Beth took a deep breath of the shockingly cold air inside Horizon. The house felt stingy without any heat. They were all going to spend the night on air mattresses and sleeping bags in front of the fire. Roast hot dogs, that kind of thing. It would be fun for about three hours.

“I don’t know if I’m going to be able to handle this, David. Watching some stranger carry away my grandchild. How about you?”

He sighed. “Oh, Beth. I’ve lived with this decision every day for the last nine months. I’ve had to deal with people coming up to me on the street, telling me how irresponsible I am as a parent and Piper is as a person. She lost two of her closest friends, she says the kids at school stare at her all the time, and her teachers treat her differently, too. They treat her like she’s stupid. But she’s not, of course. She got into BU and BC, and was wait-listed at Harvard. Her grades are the best they’ve ever been and she’s going to college, just like she said she was going to. But it’s been hard. I guess you haven’t had to give it much thought while you were in New York.”

There he was, using the same old refrain- I had to live with the pain while you were away . God, this was a bitter man. But no, that wasn’t quite right.
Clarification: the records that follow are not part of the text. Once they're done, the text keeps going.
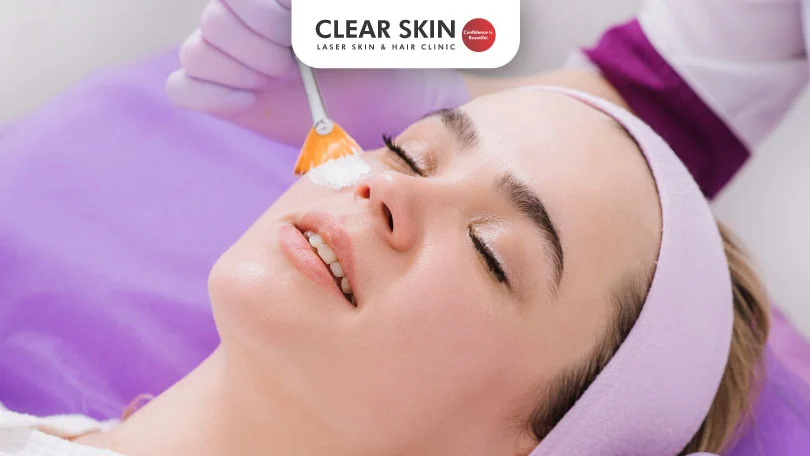 permanent skin whitening treatment price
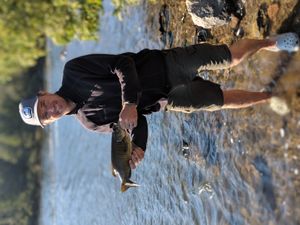 Great fishing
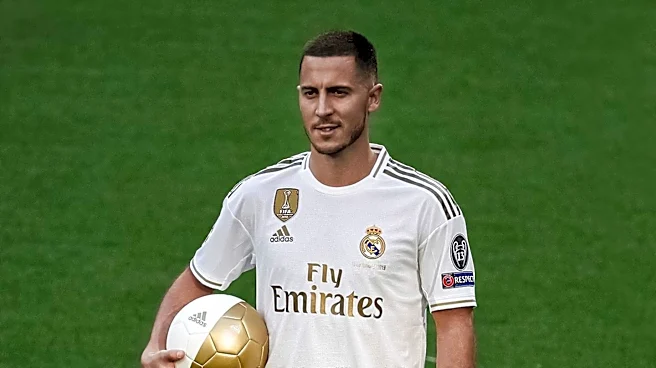 Real Madrid and Adidas Unveil 2026-27 Away Kit with Modern Design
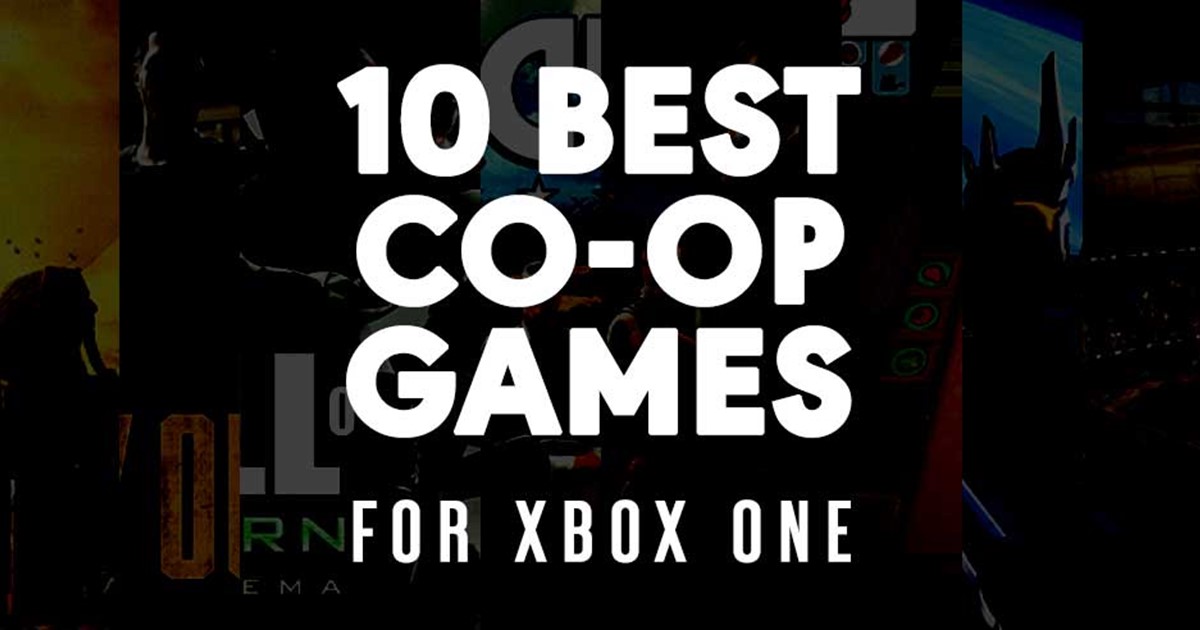 good two player games xbox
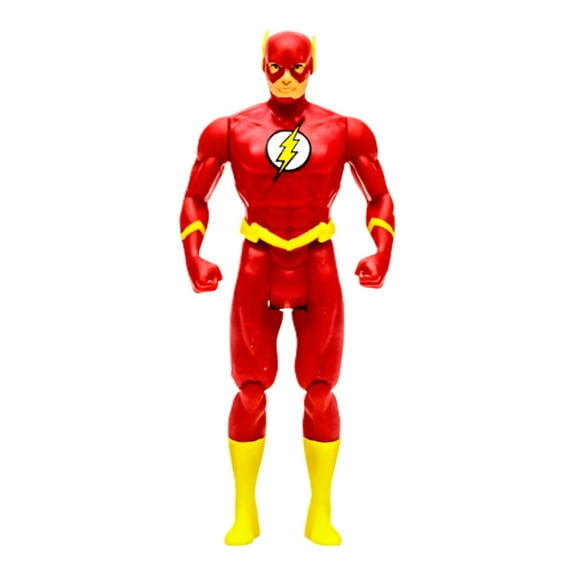 Dc Super Power 5in - Rebirth The Flash.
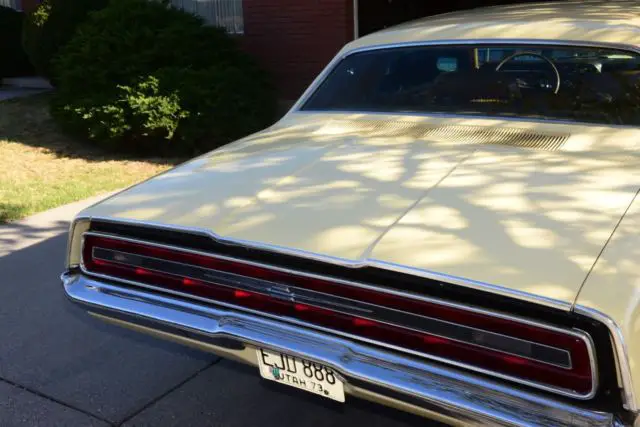 1968 ford thunderbird 2dr hardtop all original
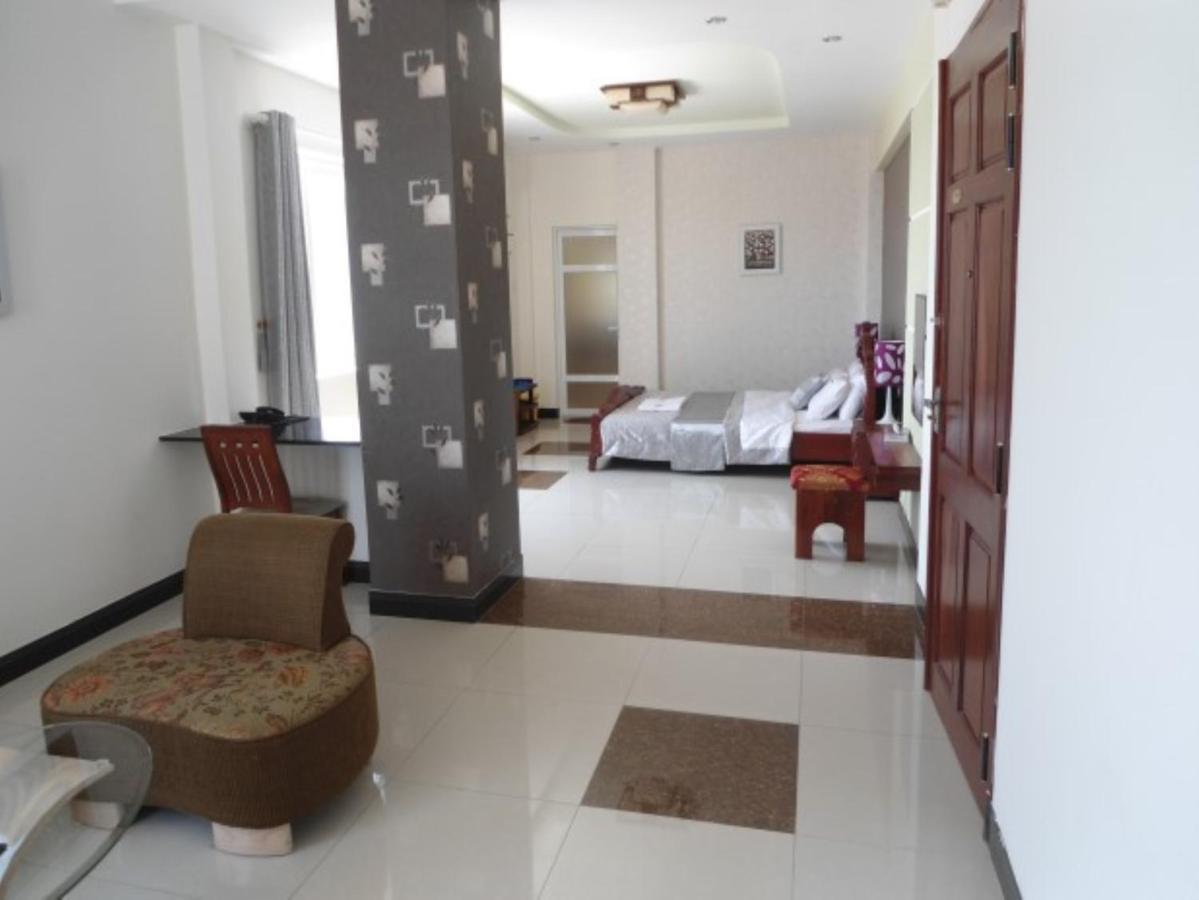 Khang Khang 2 Hotel Quy Nhon Buitenkant foto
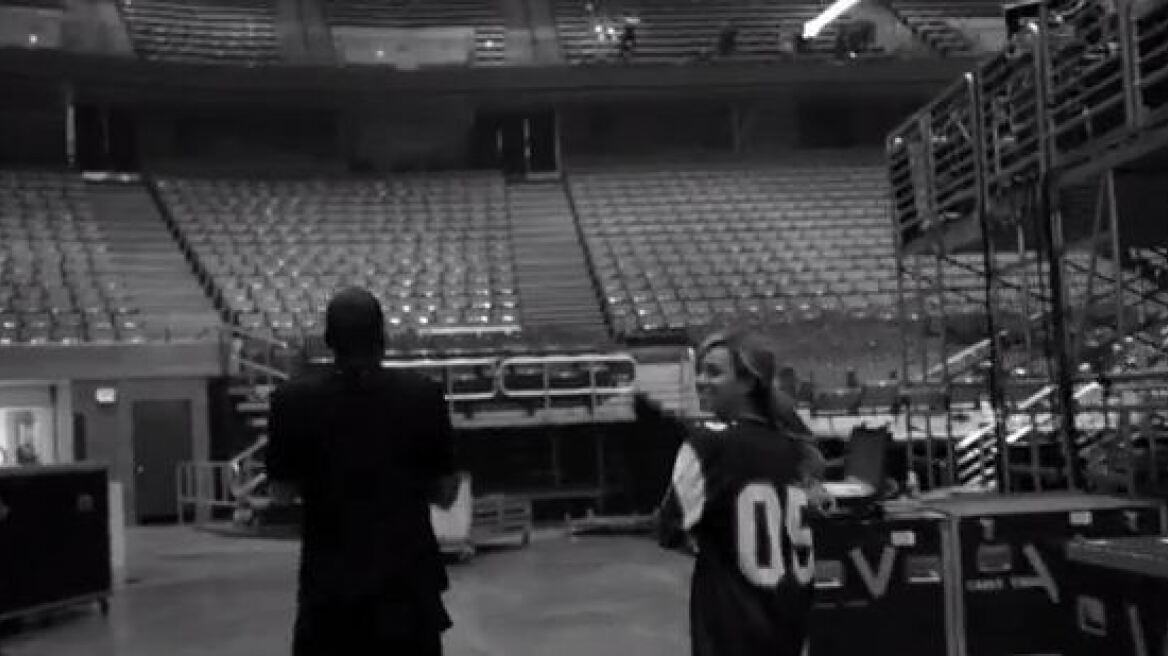 Δείτε το back stage βίντεο από την περιοδεία της Beyonce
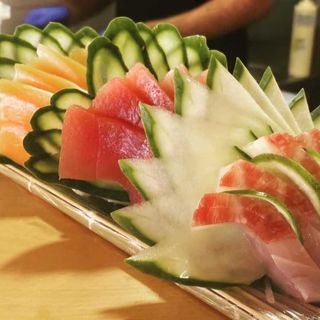 Sashimi Set (15 Peças)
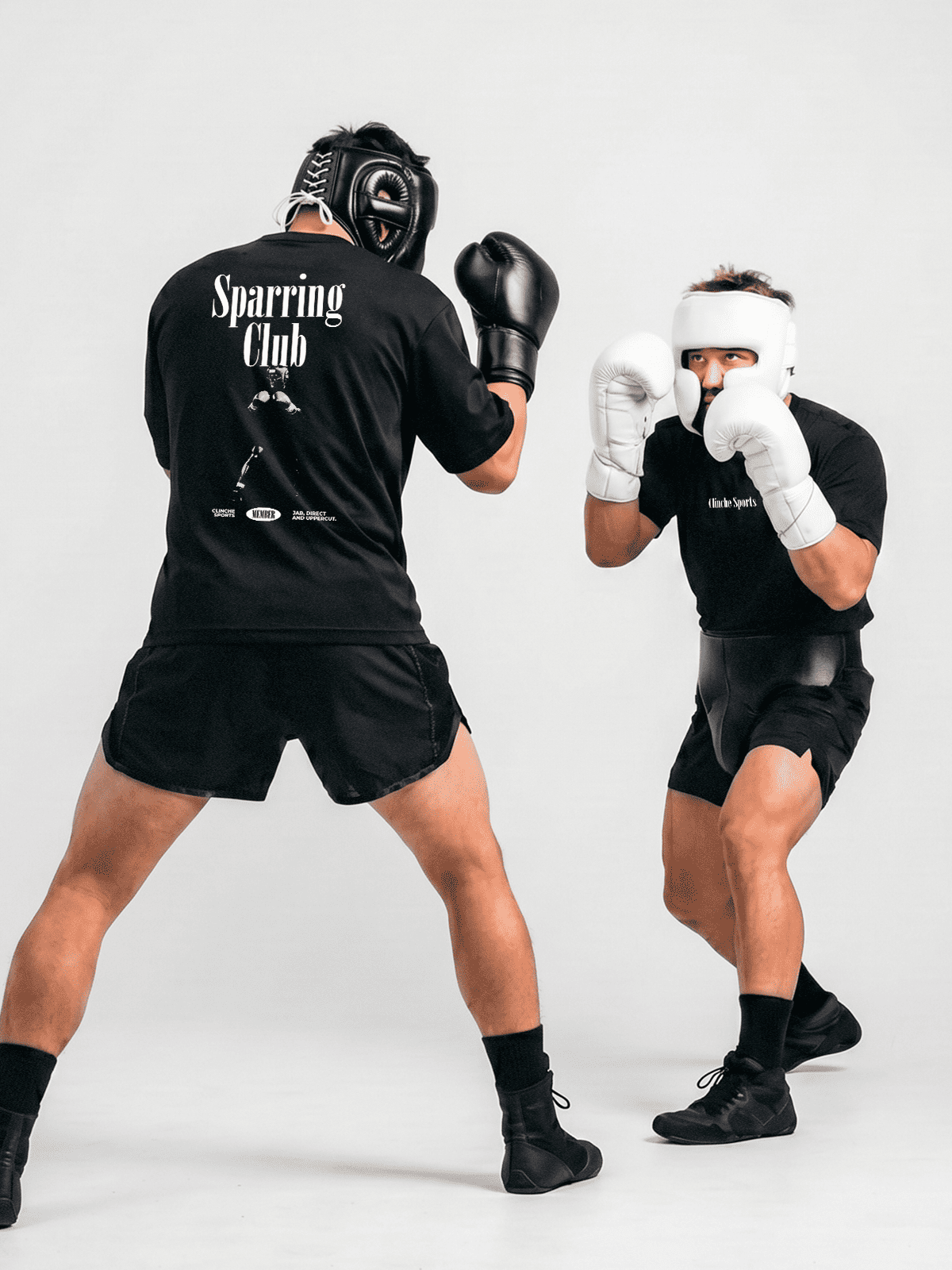 Oversized - Sparring Club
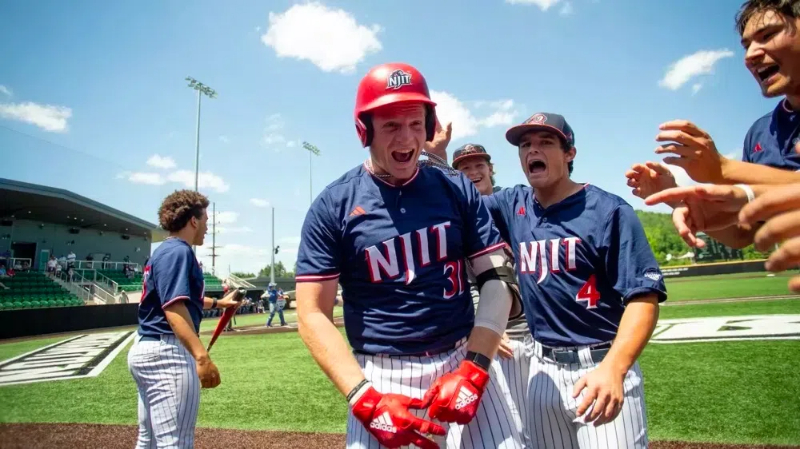 What Division New Jersey Institute of for Baseball?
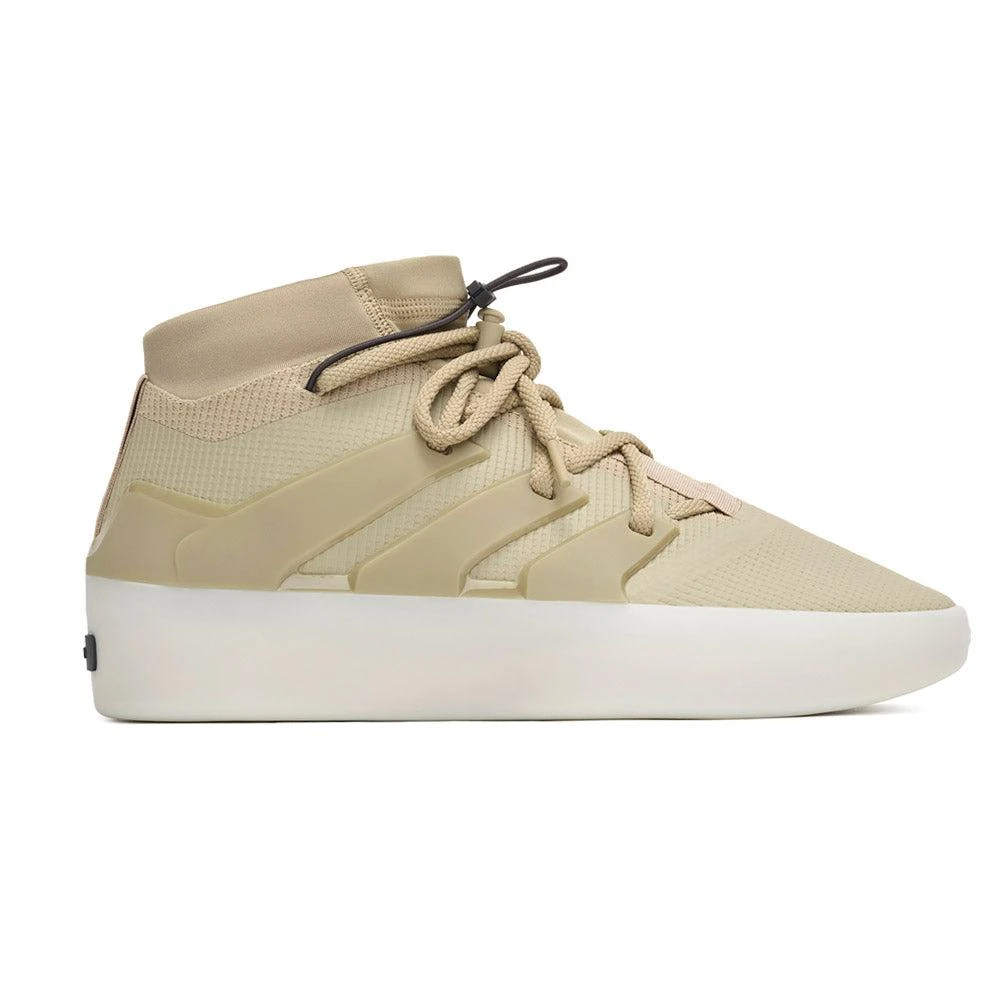 Adidas Fear of God x Athletics I Basketball Lace Up Sneakers 1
He had a point; she was lucky. She had always been able to lead a double life; she had always been able to escape.

“I gave it a lot of thought,” she said. “I thought of it every day.”

“Did you,” David said. “Well, I bet Garrett didn’t tell his buddies. And I’ll bet you didn’t report it to his teachers. In fact, I’ll bet no one in New York knows why you’re mysteriously off to Nantucket this week.”

Where was all this anger coming from?“Not true,” Beth countered. “My therapist knows.”

“Your therapist,” David said. He breathed forcefully into the phone, then chuckled. “God, I need a therapist. We’ll see you at the hospital then, Bethie?”

She was grateful that he used the nickname. “Okay.”

She hung up the phone and stared at it for a moment, wishing that the conversation had gone better, that there had been some kind of connection between the two of them. This was the man she fantasized taking to brunch in Soho?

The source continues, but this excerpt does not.